No banco dos réus, Yvan Colonna segue com extrema atenção as declarações dos membros do comando.
 
   
O juiz-presidente mostra-se respeitoso para com o acusado e as testemunhas. Põe-nos à vontade, deixa-os falar, faz perguntas judiciosas, por vezes com um toque de humor. Admiro a maneira como ele conduz o processo.
Os advogados, tanto da defesa como do ministério público, tomam a palavra, por sua vez. É muito bom que a justiça se ofereça os meios para lançar luz sobre um drama que se passou há quase dez anos.
Um dos momentos fortes, para mim, foi a intervenção de um membro do comando:

“Conheço bem Yvan Colonna. Estou e continuarei convencido de que, se tivesse participado, ele admitiria essa participação.”
Isso não foi suficiente para Yvan Colonna, que pegou imediatamente no microfone:
“Quero falar-te francamente. Fui acusado injustamente e tu sabes bem disso. Agora, peço-te que digas a verdade, que eu não estive lá.
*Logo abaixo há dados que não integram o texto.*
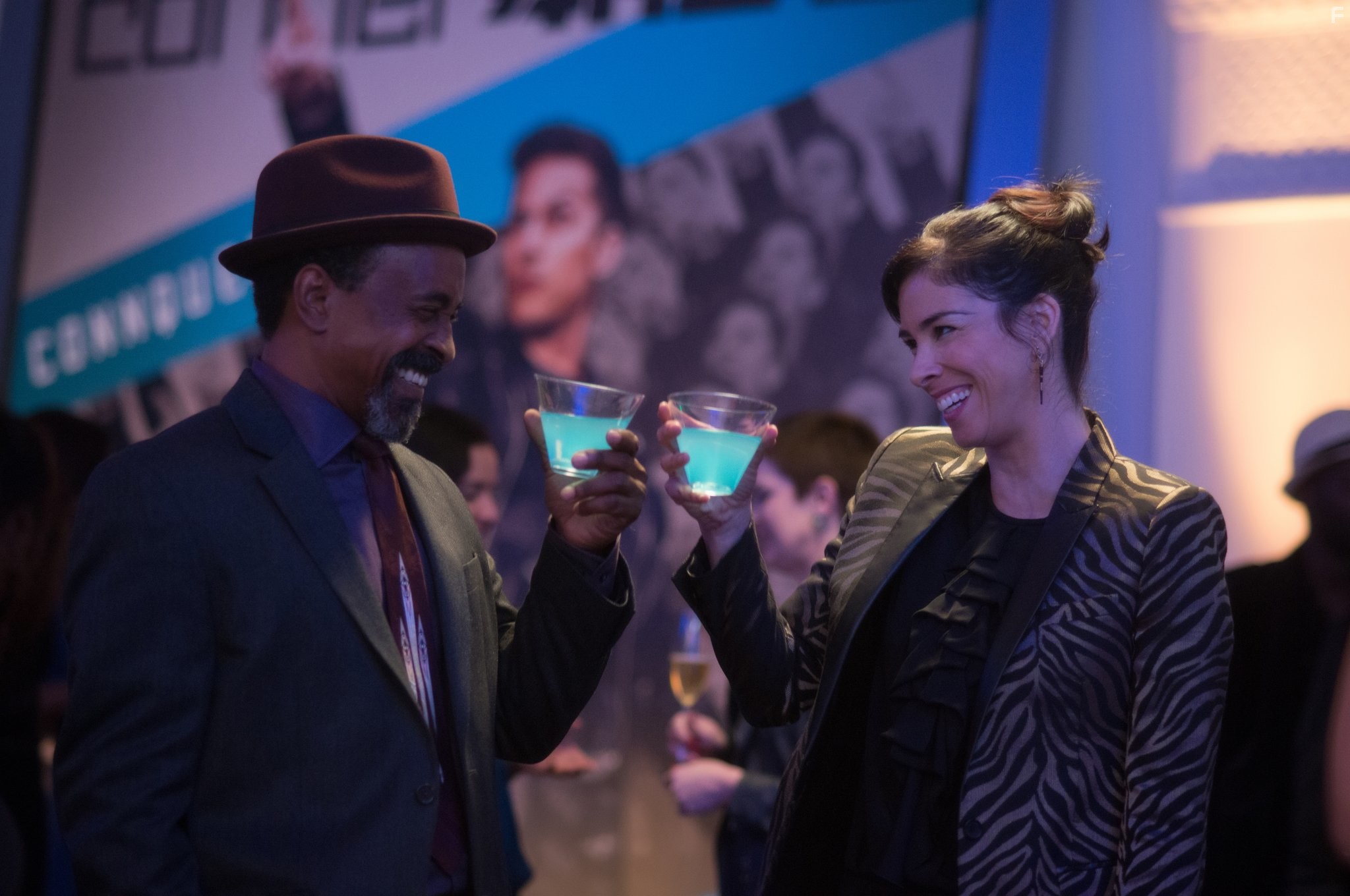 Tim Meadows and Sarah Silverman in Поп-звезда: Не переставай, не останавливайся (2016)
É preciso que expliques por que razão não disseram nada e por que razão esperaram tanto…”
“Sei que és um homem honrado. Se tivesses participado nessa acção, tê-la-ias reivindicado. Por conseguinte, confirmo que não estavas lá e não fazias parte do grupo.”

Yvan Colonna voltou a sentar-se. O seu rosto mostrava que não estava satisfeito. Desejava mais explicações, que não vieram.